How Sahelanthropus tchadensis moved
Not quite like a hominin, but with extended hip posture similar to Ardipithecus ramidus
I’ve been trying to understand the fossils of Sahelanthropus tchadensis since Michel Brunet led a team in describing its skull—nicknamed Toumaï—back in 2002.
This fossil skull and all other known fossils of S. tchadensis come from the Djurab desert of Chad, where they lived an estimated 7 million years ago. Many accept S. tchadensis as the earliest hominin. But unanswered questions have left some scientists skeptical.
I’ve been one of the skeptics.
One of the most contentious issues has been locomotion. Today, we’re coming closer to an understanding of the early adaptations to upright walking in our relatives.
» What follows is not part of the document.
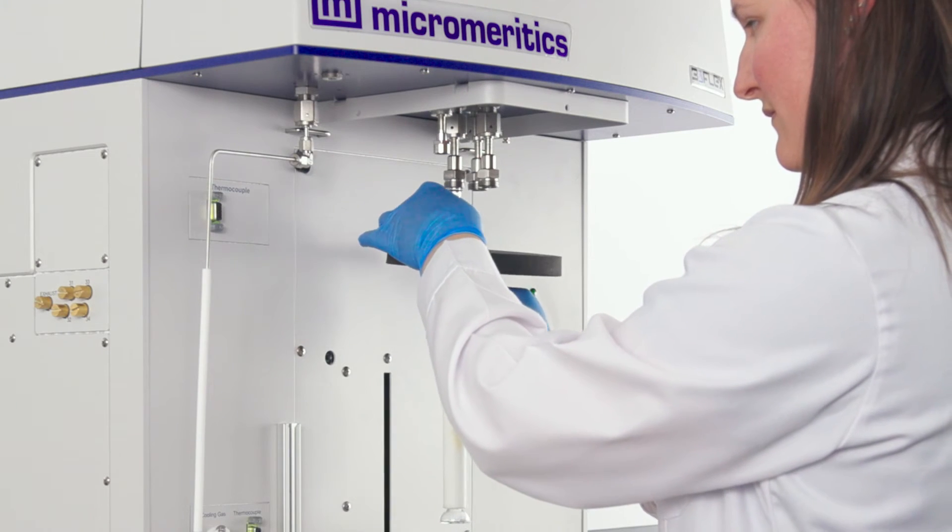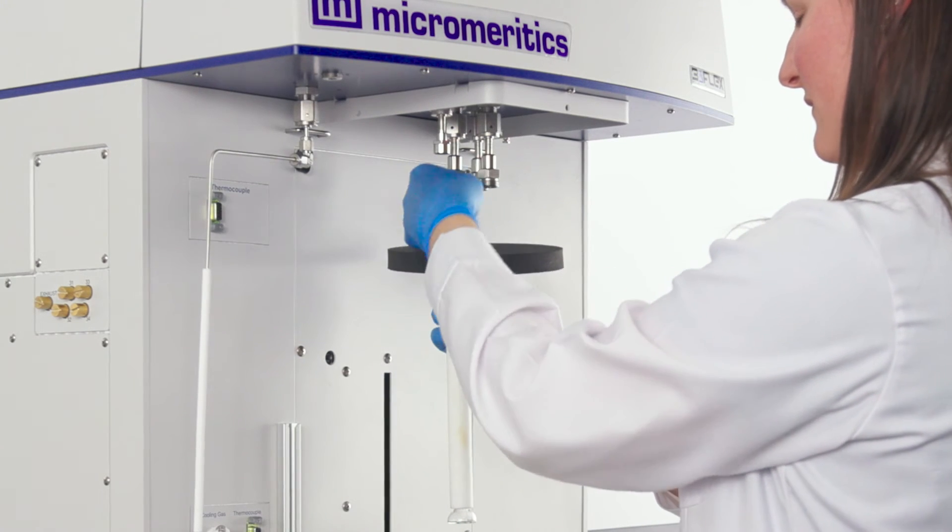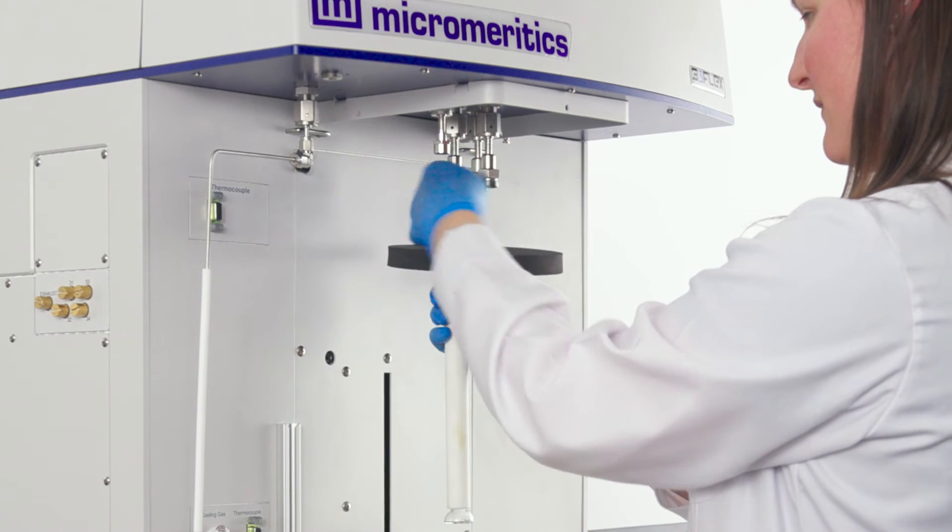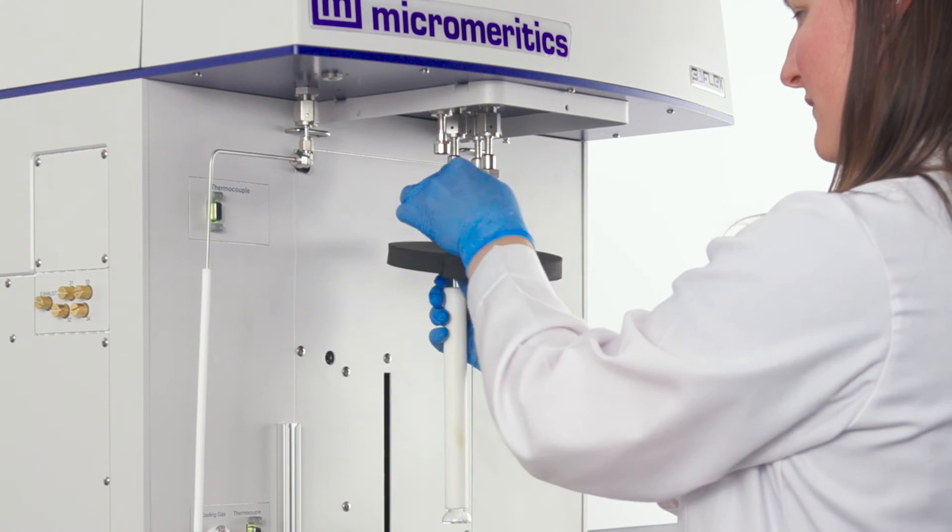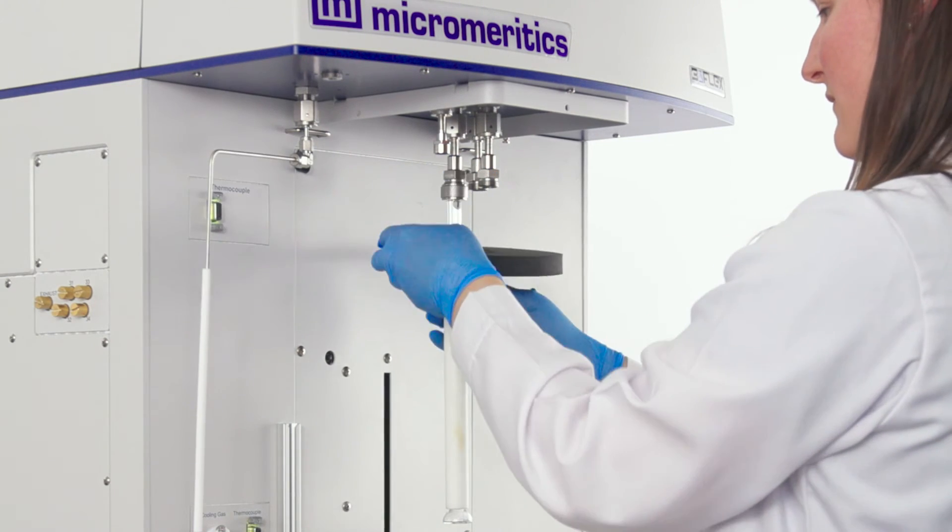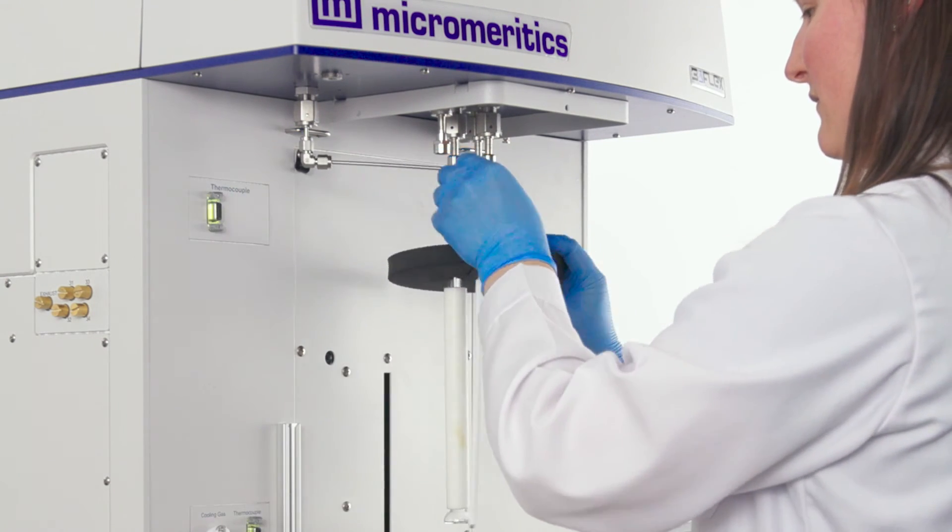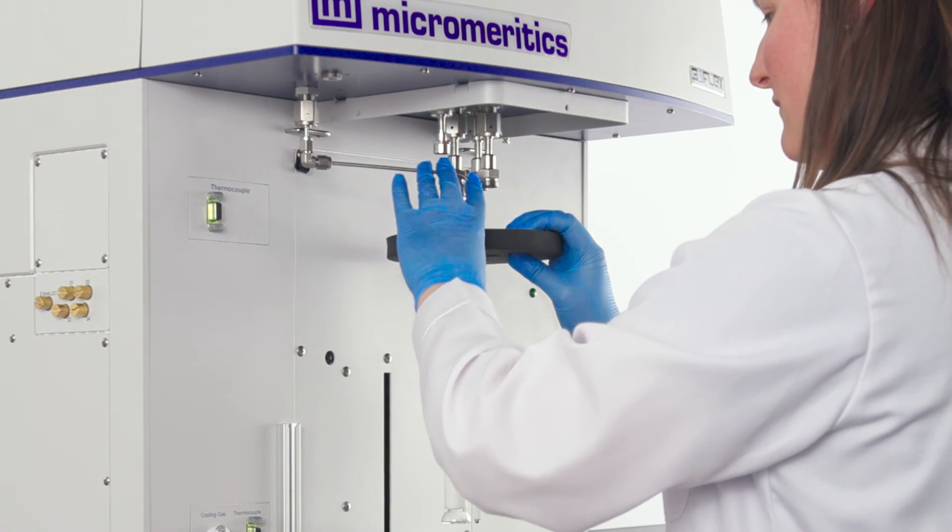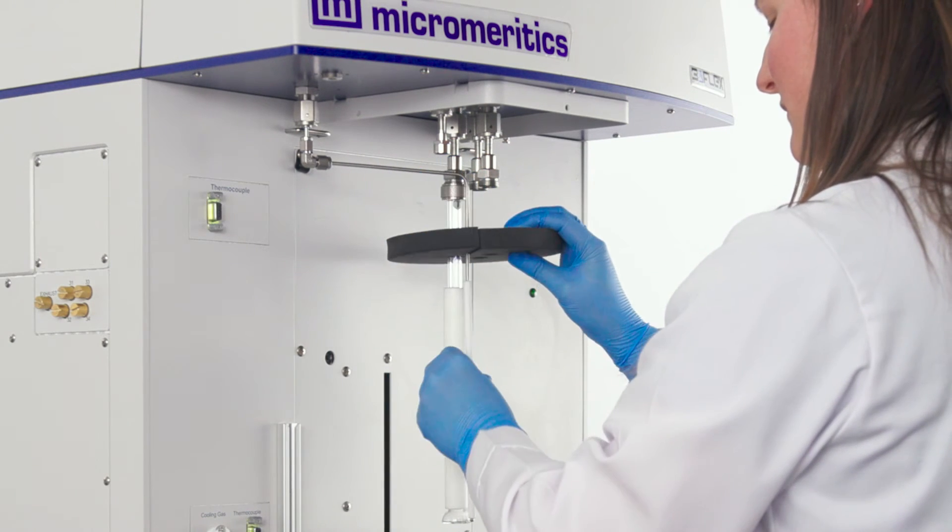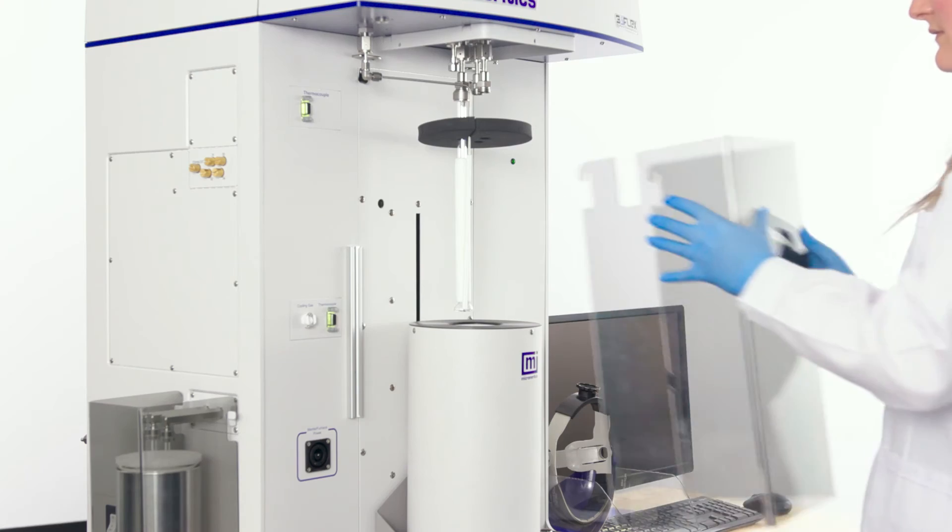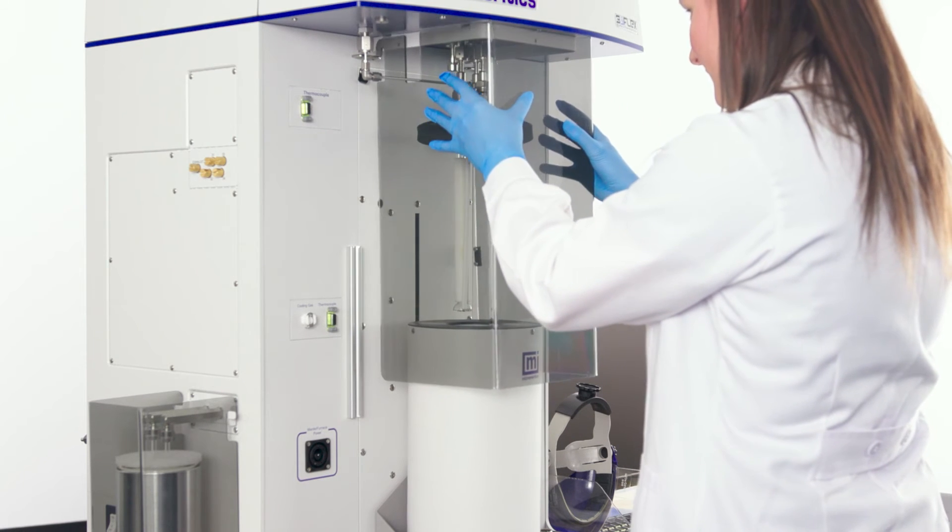Open the nuts until they are finger tight. Properly position the P0 tube. Place the shield for temperature stability.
After being hidden for almost two decades, the partial femur and two ulnae of S. tchadensis have now started to clarify how this species compares with known hominins like Australopithecus, as well as with living and extinct apes.
This story has changed a lot over the years. With today’s much better genetic information about human and chimpanzee relationships, the stakes of the question have also changed. Sahelanthropus tchadensis may be just one window into a network of populations that exchanged genes as the human lineage slowly differentiated from our closest relatives.
History of the problem
Did S. tchadensis walk upright? For almost twenty years, the Toumaï skull seemed to be the only evidence. The cranial base and back of the cranium can be informative about posture and movement, but both areas were badly distorted in the course of fossilization. Researchers led by Christoph Zollikofer who reconstructed the skull from CT scans in 2005 suggested it was configured like early hominins, including Australopithecus.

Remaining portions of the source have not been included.